Thursday, October 11, 2012

Cite Your Low-Rent Sources!

Sometimes as genealogists we have trouble distinguishing between our grubbies and our Sunday-go-to-meeting clothes.

Source citations tell our readers what our evidence is. When the work is finished and meant to prove our conclusion, the sources will usually be original records. But when the research is in progress, our best evidence may not be very good. (And some books and articles may simply be created in order to systematize the pile of records and notes found in grandma's attic, and make them accessible, not to prove anything.) They're really more leads to follow up on.

Failing to distinguish these two uses of citations may be a cause of "source snobbery," a disorder in which genealogists (your blogger included) sometimes refrain from perusing Ancestry trees for fear of polluting our minds or our databases. (Of course taking those trees as gospel is an even more widespread disorder among newbies, but we're not worrying about that here.)

Sometimes we need to be polluted in order to become successful -- much as a cop might need a drunken snitch's whisper to get started on a trail, even though it wouldn't count for anything when the case came to court.

My wife's ultra-mysterious great-great grandmother Jennie (Cochran) Boren was born in North Carolina and died in Pittsburgh, but her maiden name was so common we never had any luck finding her in her parents' household. The break we received was not due to our diligence. Somebody who didn't answer emails posted an unsourced tree of Jennie's family from the North Carolina Cochran side, and from that lead we were able to amass plenty of evidence proving the long-lost connection.

Leads document our chase, and later on higher-quality sources document our case, helping us convince our skeptical peers. Don't confuse the two.
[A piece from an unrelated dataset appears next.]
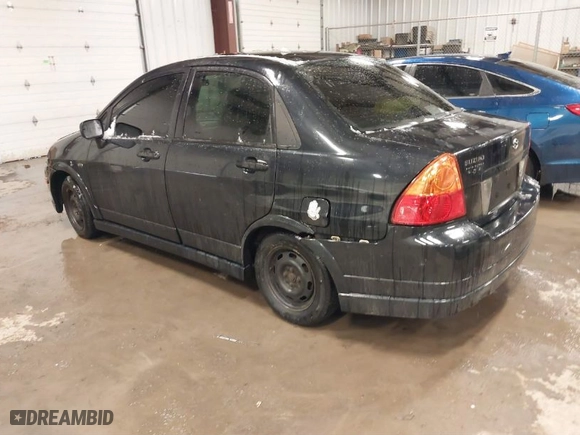 2004 Suzuki Aerio S with VIN JS2RA61S845202185, listed as a IAAI auction lot 41497079 with 96,925 mi miles. Bid and sale history available at carsss.com. Image 3.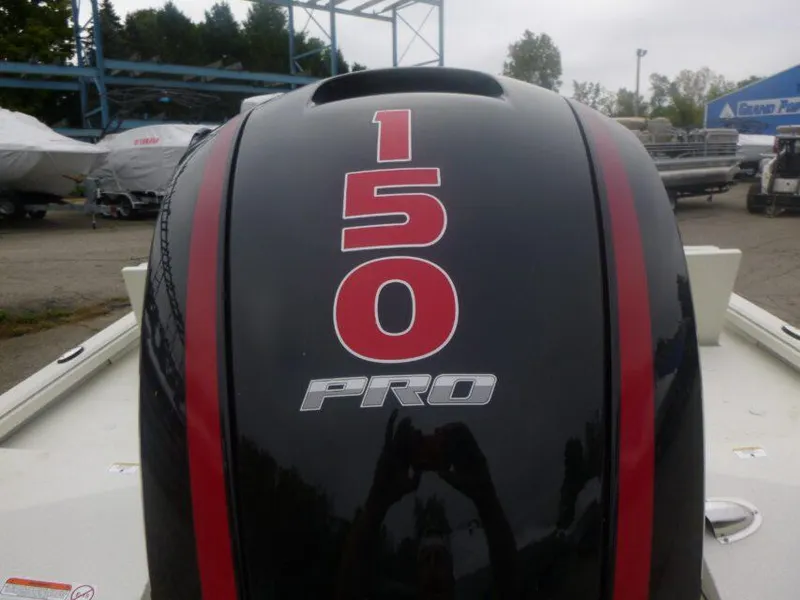 Slide: The Image of 2024 Ranger RB200 boat displayed indoors alongside another boat, under a pontoon banner. - 1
Harold Henderson, "Cite Your Low-Rent Sources!," Midwestern Microhistory: A Genealogy Blog, posted 11 October 2012 (http://midwesternmicrohistory.blogspot.com : accessed [access date]). [Please feel free to link to the specific post if you prefer.]

2 comments:

Judy G. Russell said...

I've also found a number of leads in things like undocumented online trees, at Ancestry, Rootsweb and personal websites, and am always grateful for any hints I can get!

Shelley Bishop said...

Thanks for this helpful distinction, Harold. Your imagery of how the low-level "chase" can lead to the high-level "case" makes good sense!